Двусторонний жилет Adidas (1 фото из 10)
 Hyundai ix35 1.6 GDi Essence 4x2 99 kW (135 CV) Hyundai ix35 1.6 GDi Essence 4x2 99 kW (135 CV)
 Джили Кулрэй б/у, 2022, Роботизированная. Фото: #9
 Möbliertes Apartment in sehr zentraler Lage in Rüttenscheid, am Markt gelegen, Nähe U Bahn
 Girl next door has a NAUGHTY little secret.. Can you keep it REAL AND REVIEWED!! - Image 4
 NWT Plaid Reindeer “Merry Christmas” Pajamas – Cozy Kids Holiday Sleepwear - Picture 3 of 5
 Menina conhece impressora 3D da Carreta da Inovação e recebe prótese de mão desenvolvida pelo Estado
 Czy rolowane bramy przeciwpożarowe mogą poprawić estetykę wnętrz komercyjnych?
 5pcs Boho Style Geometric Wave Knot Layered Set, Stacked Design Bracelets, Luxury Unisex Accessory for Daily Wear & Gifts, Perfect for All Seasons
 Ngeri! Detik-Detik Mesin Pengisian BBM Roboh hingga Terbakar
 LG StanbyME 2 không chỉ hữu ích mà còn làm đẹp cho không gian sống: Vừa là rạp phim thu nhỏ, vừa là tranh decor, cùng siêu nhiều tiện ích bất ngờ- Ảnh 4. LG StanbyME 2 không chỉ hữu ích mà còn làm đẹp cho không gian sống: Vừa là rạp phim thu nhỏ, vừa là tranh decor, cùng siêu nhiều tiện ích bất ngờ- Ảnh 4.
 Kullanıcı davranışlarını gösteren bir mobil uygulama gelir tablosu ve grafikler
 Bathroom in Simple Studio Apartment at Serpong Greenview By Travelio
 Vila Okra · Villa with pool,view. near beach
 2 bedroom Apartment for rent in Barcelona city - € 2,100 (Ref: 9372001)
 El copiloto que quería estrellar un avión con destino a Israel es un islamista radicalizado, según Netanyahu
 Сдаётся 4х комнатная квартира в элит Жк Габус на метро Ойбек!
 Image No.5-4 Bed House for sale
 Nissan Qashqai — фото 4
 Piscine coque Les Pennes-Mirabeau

──────

Retype every line of the material exactly.

[EXERCISE RESULT]
Двусторонний жилет Adidas (1 фото из 10)
 Hyundai ix35 1.6 GDi Essence 4x2 99 kW (135 CV) Hyundai ix35 1.6 GDi Essence 4x2 99 kW (135 CV)
 Джили Кулрэй б/у, 2022, Роботизированная. Фото: #9
 Möbliertes Apartment in sehr zentraler Lage in Rüttenscheid, am Markt gelegen, Nähe U Bahn
 Girl next door has a NAUGHTY little secret.. Can you keep it REAL AND REVIEWED!! - Image 4
 NWT Plaid Reindeer “Merry Christmas” Pajamas – Cozy Kids Holiday Sleepwear - Picture 3 of 5
 Menina conhece impressora 3D da Carreta da Inovação e recebe prótese de mão desenvolvida pelo Estado
 Czy rolowane bramy przeciwpożarowe mogą poprawić estetykę wnętrz komercyjnych?
 5pcs Boho Style Geometric Wave Knot Layered Set, Stacked Design Bracelets, Luxury Unisex Accessory for Daily Wear & Gifts, Perfect for All Seasons
 Ngeri! Detik-Detik Mesin Pengisian BBM Roboh hingga Terbakar
 LG StanbyME 2 không chỉ hữu ích mà còn làm đẹp cho không gian sống: Vừa là rạp phim thu nhỏ, vừa là tranh decor, cùng siêu nhiều tiện ích bất ngờ- Ảnh 4. LG StanbyME 2 không chỉ hữu ích mà còn làm đẹp cho không gian sống: Vừa là rạp phim thu nhỏ, vừa là tranh decor, cùng siêu nhiều tiện ích bất ngờ- Ảnh 4.
 Kullanıcı davranışlarını gösteren bir mobil uygulama gelir tablosu ve grafikler
 Bathroom in Simple Studio Apartment at Serpong Greenview By Travelio
 Vila Okra · Villa with pool,view. near beach
 2 bedroom Apartment for rent in Barcelona city - € 2,100 (Ref: 9372001)
 El copiloto que quería estrellar un avión con destino a Israel es un islamista radicalizado, según Netanyahu
 Сдаётся 4х комнатная квартира в элит Жк Габус на метро Ойбек!
 Image No.5-4 Bed House for sale
 Nissan Qashqai — фото 4
 Piscine coque Les Pennes-Mirabeau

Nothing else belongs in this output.